Ms. Stotland called the sped-up process a “deportation conveyer belt for children.”
More and more young children have been illegally entering the country alone as they flee violence in their home countries, sparking controversy here about how to handle their arrival. The federal government has run out of space to house the children; many who arrive in New York — second only to Texas in the number of children arriving, Ms. James said — are placed in the care of relatives pending court appearances, but others end up in the custody of Homeless Services. Speaker Melissa Mark-Viverito and others have called on the city to identify other locations the children can be housed.
“In my mind, this situation is a humanitarian and refugee issue — not an immigration issue,” Ms. James said.

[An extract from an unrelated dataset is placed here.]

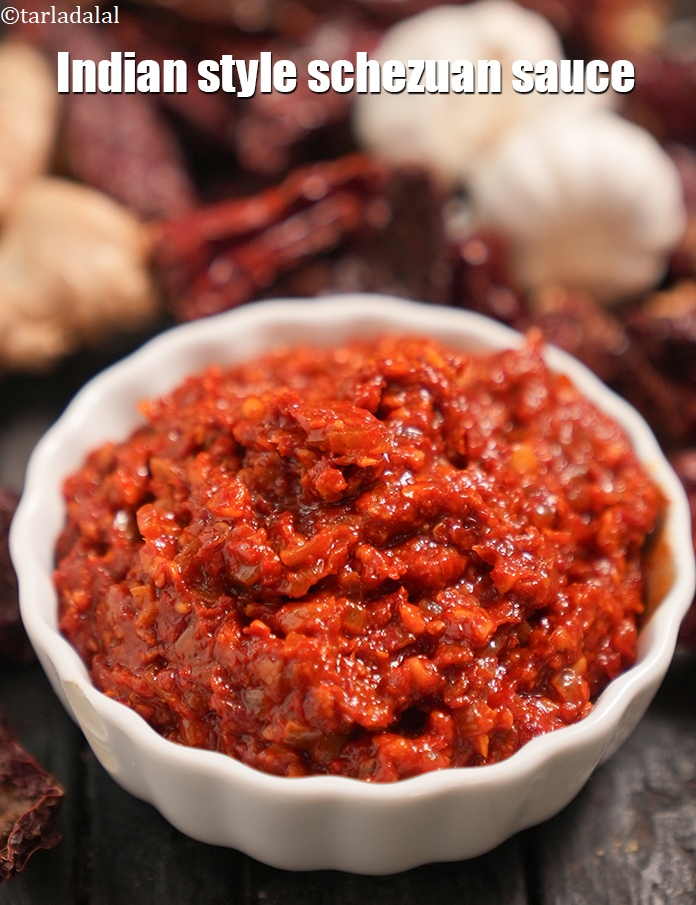 Step 21 – Store <strong>healthy schezwan chutney recipe&nbsp;|&nbsp;Indian style schezuan sauce&nbsp;|&nbsp;homemade schezwan chutney&nbsp;|</strong> in an airtight container and …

Councilman Carlos Menchaca, chair of the Immigration Committee, compared the flood of unaccompanied children into the country to Hurricane Sandy.

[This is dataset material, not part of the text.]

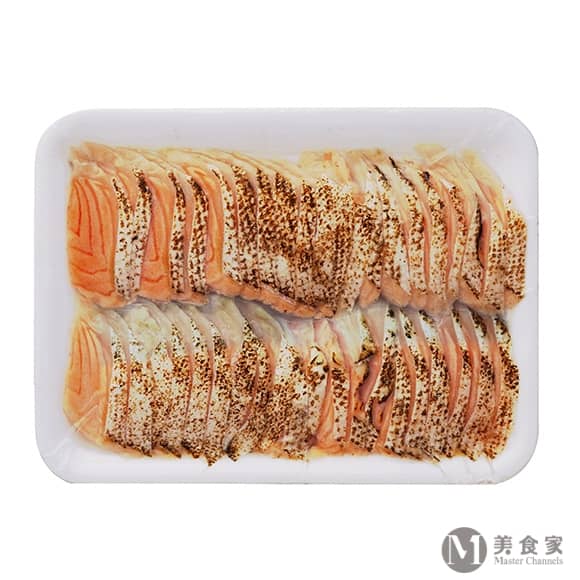 烤鮭肚片(圖)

“We’re gonna come with every force we can — this is a true humanitarian crisis, the city has experienced before,” Mr. Menchaca said. “And we want to make sure we have that same caliber response we did with Sandy. This is the kind of crisis we’re in today.”
Ms. James said she did not know when might represent a child in court — she will attend one of the planned trainings first, to brush up on the necessary aspects of immigration and family law.
Children and others in court for immigration charges do not have a right to an attorney — so if they cannot afford one or do not have family to help them find one, they go unrepresented in their hearings. Appearing in court with a lawyer gives a child a significantly higher chance of being able to stay in the country, Ms. James and advocates said, typically by proving they face a threat to their safety in their home country.
Correction: This story has been updated to correct the title of Eve Stotland.